A biologist who wrote a national evaluation of states' science standards said he is angry that an Ohio Board of Education member used the grade card to defend a lesson plan that urges students to question evolution.

Ohio board member Michael Cochran used the "B" the Thomas B. Fordham Institute gave Ohio during a board meeting on Jan. 10 to justify approving the lesson.

"When evidently somebody on that board said our B grade shows that we thought the lesson is OK, that really (upset me). This is a very bad lesson," said Paul Gross, who wrote the Fordham Institute report.

"The whole thing is dishonest. The whole thing is a Trojan horse."

The Fordham Institute committee evaluated the science standards — the educational goals — for all 49 states and the District of Columbia but was not charged with examining the underlying lesson plans, according to an institute spokeswoman.

Gross is former director of the marine biology laboratory at the Woods Hole Oceanographic Institution in Massachusetts and former provost of the University of Virginia.

Cochran could not be reached for comment, nor could Deborah Owens Fink, another board member who has been outspoken in favor of the lesson.

Gross said Ohio's grade would have been lower if his committee had seen the state's lesson.

Still, Ohio's grade will stand until the next national review, perhaps within two years, said Terry Ryan, vice president for Ohio programs and policy for the Fordham Institute.

Gross said Ohio's lesson is a joke.

"What this lesson does is to say to a student with brains, ‘Anything else you learn in science is as you got it, but evolution, we don't really know about that,' " he said.

The lesson, "Critical Analysis of Evolution," is one of 10 concerning evolution in the 10 thgrade curriculum. Critics say the lesson suggests that students debate the overall idea of evolution — instead of parts of it — and provides ideas to challenge the theory. It also lists several intelligent-design and creationist Web sites.

A spokesman for the Ohio Department of Education defended the standards and the lesson.

"The process respected opinions on all sides of the issue," J.C. Benton said. "We're going to stick with the B and move on."

Intelligent design is based on the idea that, because living things are so complex, they must have required intervention by an intelligent designer, possibly God.

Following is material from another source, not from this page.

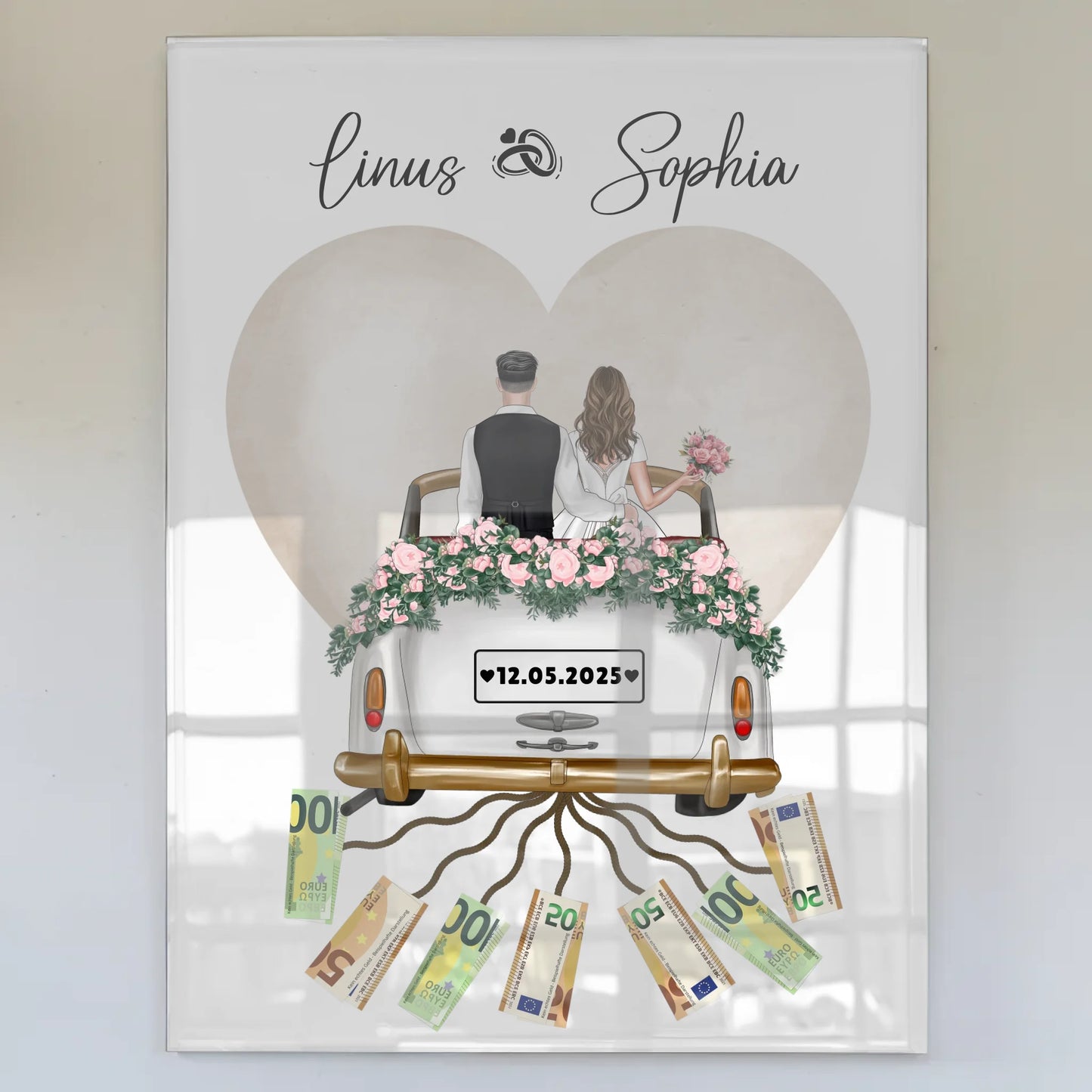 Geldgeschenk für Hochzeit Wandbild personalisiert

Critics say this concept is a way to slip biblical creationism into schools.

Yesterday, the Discovery Institute, a Seattle organization that backs teaching intelligent design, issued a statement supporting the Ohio standards.

"Darwinists are now moving to censor Ohio's teaching of scientific evidence, which challenges Darwinian evolution," the statement said.

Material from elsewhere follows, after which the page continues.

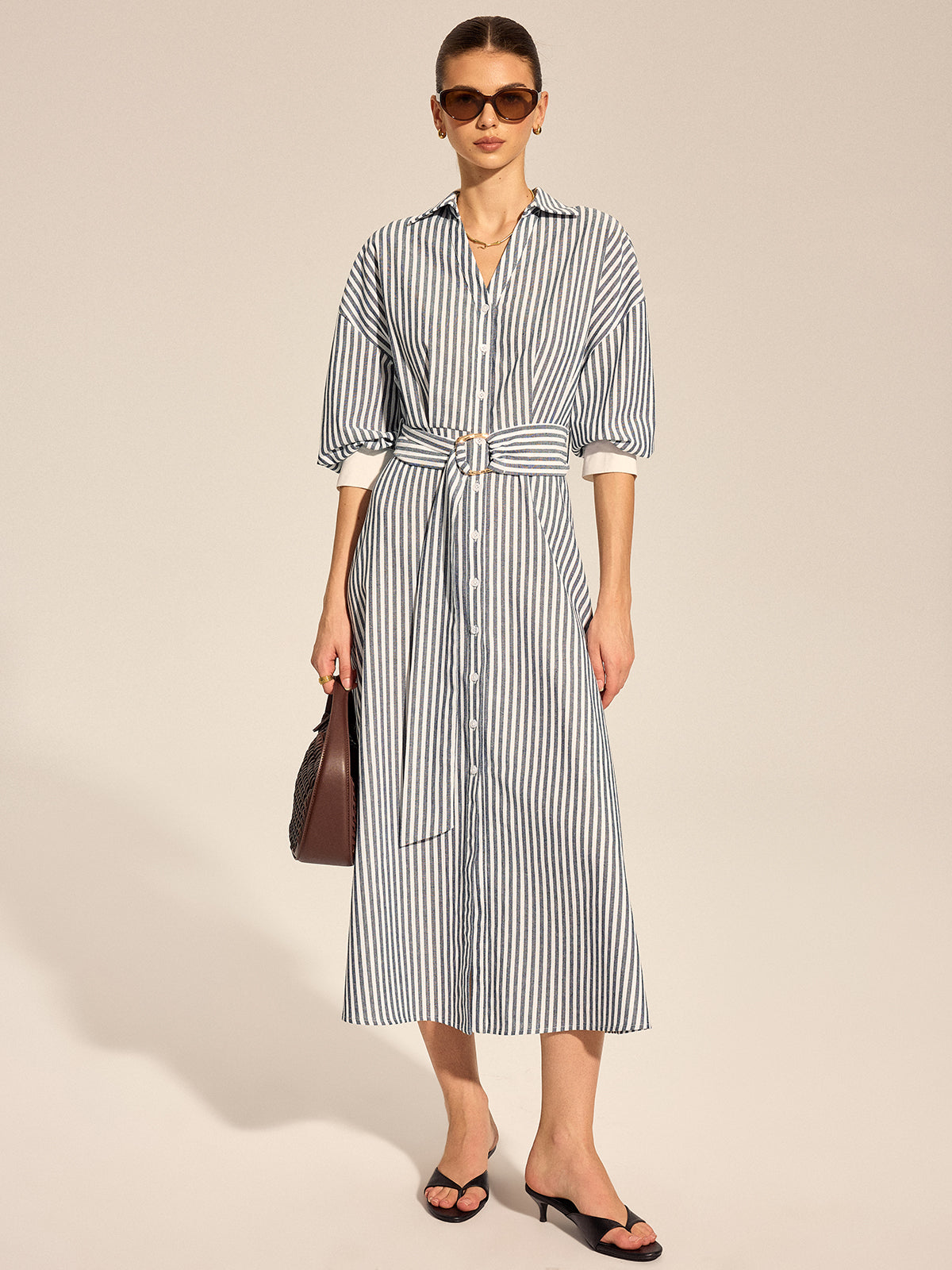 Striped Belted Tie Cuff Shirt Midi Dress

Ohio was among 19 states that earned an A or B in the latest Fordham Review, the State of State Science Standards 2005. California, Virginia, Massachusetts, South Carolina, Indiana, New York and New Mexico earned top marks.

Overall, Gross said, Ohio's science standards were verbose but good.

Washington University biologist Ursula Goodenough said she and the four other members of the Fordham Institute committee supported Gross' evaluation.

"There was this sentence that kept being repeated about how evolutionary theory would be given critical analysis," she said. "Science needs critical analysis. To single out evolutionary biology as needing critical analysis is stupid."